Aún no había cumplido los 50 cuando Fran echó el cierre a su vida laboral, vendió su casa de Madrid y se trasladó a otra, más modesta, a orillas del Mar Menor donde pudo dedicar todo su tiempo a una afición larvada durante treinta años: la lectura.
Fue como recobrar la ilusión por los Reyes Magos, que ahora traían su ofrenda de libros y se llamaban Umbral el Prodigioso, Montalbán el Sapiente, Saramago el Amigo… A medida que leía, sacaba notas que luego iba ampliando a manera de conclusiones cada vez más críticas. Leía un libro de cien páginas y escribía doscientas sobre lo leído. Con una mano tan caliente, no tardó en compaginar los comentarios a historias ajenas con la redacción de las propias.
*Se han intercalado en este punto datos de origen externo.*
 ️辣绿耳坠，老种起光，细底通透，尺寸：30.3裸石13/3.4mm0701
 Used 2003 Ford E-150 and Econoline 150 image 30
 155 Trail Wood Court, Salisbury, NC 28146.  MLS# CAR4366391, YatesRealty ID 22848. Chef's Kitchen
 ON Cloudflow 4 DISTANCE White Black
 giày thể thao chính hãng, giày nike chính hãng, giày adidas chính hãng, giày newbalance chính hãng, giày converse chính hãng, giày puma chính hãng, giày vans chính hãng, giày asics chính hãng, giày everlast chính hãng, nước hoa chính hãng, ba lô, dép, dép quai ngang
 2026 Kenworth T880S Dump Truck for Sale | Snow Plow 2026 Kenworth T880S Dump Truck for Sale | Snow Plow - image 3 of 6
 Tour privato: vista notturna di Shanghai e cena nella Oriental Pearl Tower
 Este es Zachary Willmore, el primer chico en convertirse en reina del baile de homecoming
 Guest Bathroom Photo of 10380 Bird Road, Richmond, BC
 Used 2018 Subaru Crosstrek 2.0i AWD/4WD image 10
Dice Cansinos: «Un amigo ha venido a verme. Escribe novelas que son relatos sentimentales y realistas de su vida. Escribe y le parece que vuelve a vivir en aquella época, y este poder de reconstruir un coro de criaturas humanas que ya habrá dispersado la suerte, le produce una satisfacción suficiente».
Así empezó Fran a rememorar episodios de su vida, entreverados de una inevitable y deseada fantasía. Primero, relatos de una página; luego, cuentos más extensos. Un día quiso escribir una «epopeya de un mundo sin dioses», como Lukacs define la novela. Y escribió El sueño de un hombre frío.